Q. I’m hoping you can help me out with this issue. I am considering buying a used Honda Odyssey with PAX Tire System tires. Knowing that I’ll be taking it in for inspection after I buy it, I checked the tires out and found that they are unlikely to pass inspection. The only option I seem to have is replacing them with new PAX tires through Honda at a ridiculous cost of about $1400. I’m not very happy with this, but Honda tells me that there is no other option. Is there any option? I enjoy your column very much and thank you for any advice you can give on this. Would you buy this van with the PAX system?

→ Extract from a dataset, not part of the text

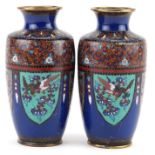 Pair of Japanese cloisonne vases enamelled with panels of stylised dragons and birds of paradise,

A. As far as I know Honda has not approved a replacement for the run-flat PAX tire system that came standard on some Honda models. The Honda dealer is not the only option. With a past reader I enquired with the folks at Sullivan Tire and Auto Service and they told me they could order and install the PAX tires. You could order different wheels and tires but this is not advised by Honda and would be at your own risk. If it were me, I would only buy this van if the price reflected the cost of buying new tires.
Q. I am only 4’9” tall and need some advice with a new car. I want a car that steers, rides and handles well. I also need a car that has good visibility all around. The cars that I have been looking at are either too small or too big for me. This car should have a fully adjustable driver’s seat that can help with my bad back. Finally, I can only spend about $19,000. Do you have any suggestions?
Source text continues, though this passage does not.